Schafft Gerechtigkeit
Hunderte Menschen drängeln sich auf einer Straße im Prenzlauer Berg in Berlin. Nein, es ist keine Demonstration gegen irgendetwas. Es werden auch nicht Freikarten für ein Rockkonzert verteilt. Es geht schlichtweg um eine Wohnungsbesichtigung. Wie der rbb (Radio Berlin Brandenburg) vor einer Woche berichtete, war eine relativ preiswerte Wohnung zu besichtigen. Und sich als Mieter zu bewerben. Wobei von vornherein klar war, dass als neuer Mieter nicht die Studenten-WG in Frage kommt, sondern eher der Zahnarzt aus Wuppertal, der eine Berliner Zweitwohnung wünscht. Oder der Bundestagsabgeordnete, der sich auch in die Schlange der 800 Interessierten eingereiht hat.

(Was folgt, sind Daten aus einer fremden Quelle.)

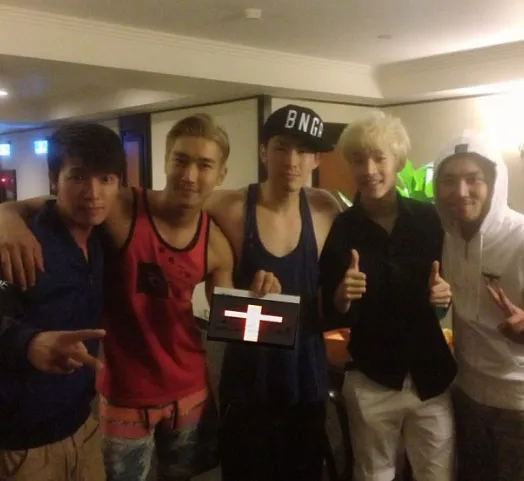 Vanness Wu bersama member Super Junior.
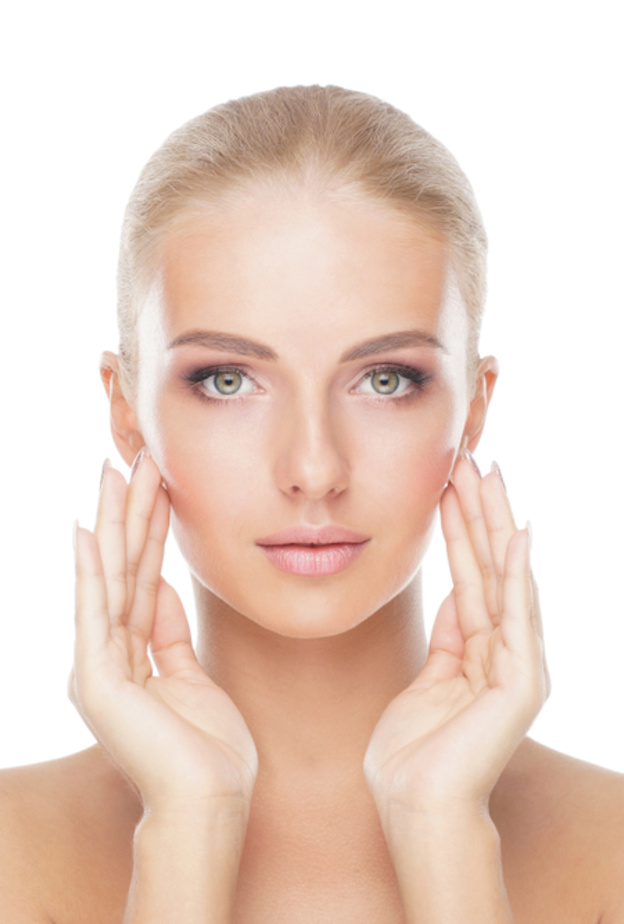 قومي باتباع نظام غذائي صحي لإخفاء عيوب وجهك بدون مكياج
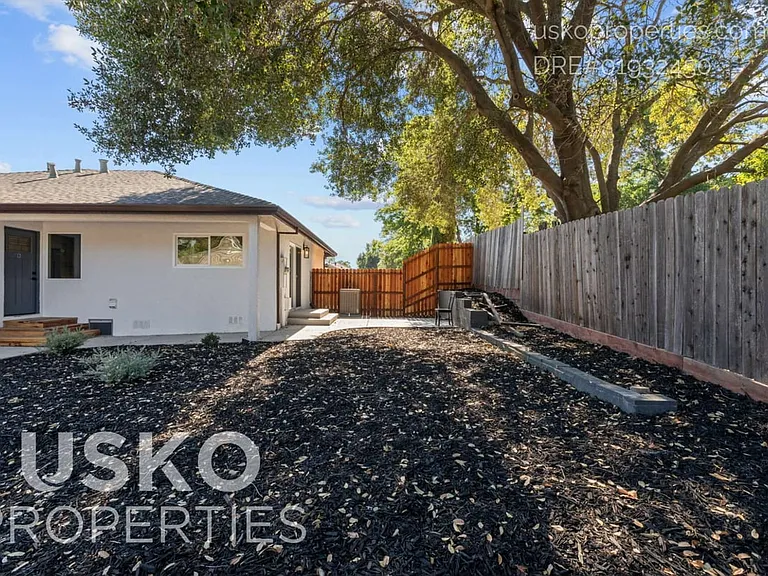7835 Hutton Creek Ln #B — Photo 15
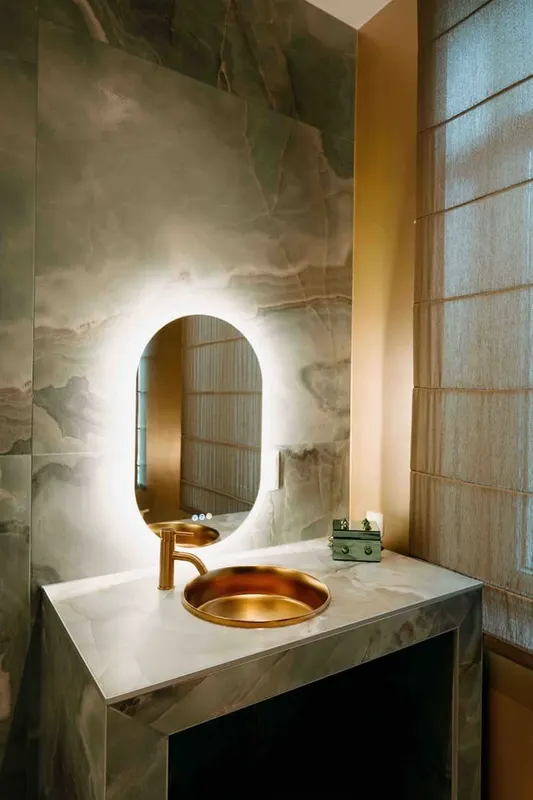Suite Gucci du Designer Hôtel à Heusy — Jacuzzi extérieur et accès PMR à Heusy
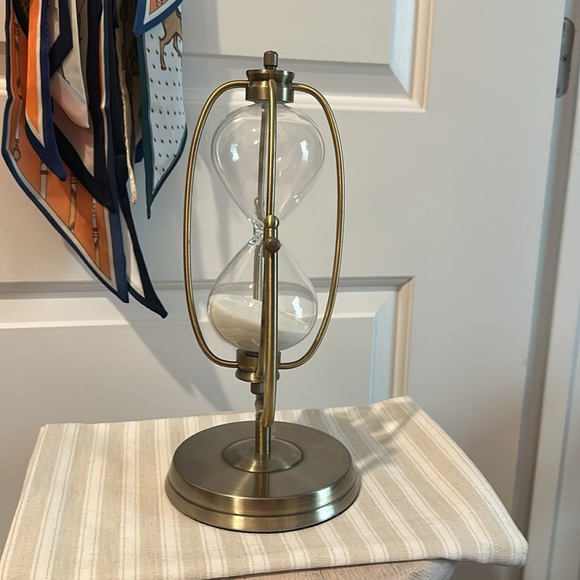 Gorgeous Brass Hourglass! - Picture 3 of 10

Sicher: Was da im Berliner In-Kiez passierte, dürfte eine Ausnahme sein. Aber diese Ausnahme markiert ein zunehmendes Problem. Nicht nur in den großen Ballungsräumen wird es immer schwieriger, mit einem durchschnittlichen Gehalt geeigneten Wohnraum zu mieten oder zu erwerben. Göttinger Studenten können ein Lied davon singen.
„Bezahlbare Mieten“, war auf Plakaten zu den letzten Wahlen zu lesen. Und von Gerechtigkeit wurde gesprochen. Nun haben die Gewählten in Bund und Land Gelegenheit, sich genau darum zu kümmern. Um Gerechtigkeit. Um das Verkleinern der sich immer weiter öffnenden Schere zwischen arm und reich. Dabei ist Ungerechtigkeit kein neues Problem. In der Bibel schreibt der Prediger (Kohelet 5,7): „Siehst du, wie im Lande der Arme Unrecht leidet und Recht und Gerechtigkeit zum Raub geworden sind, dann wundere dich nicht darüber; denn ein Hoher schützt den andern, und noch Höhere sind über beiden.“
Besteht also keine Hoffnung? Sollen wir lieber den Kopf in den Sand stecken? „Jage nach der Gerechtigkeit“, fordert Paulus seinen Mitarbeiter Timotheus auf (1Tim 6,11). Das gilt auch uns. An unserem Platz und mit unseren sicher begrenzten Mittel zur Gerechtigkeit beitragen. Und die Gewählten immer wieder an ihre Aufgabe zu erinnern: Schafft Gerechtigkeit.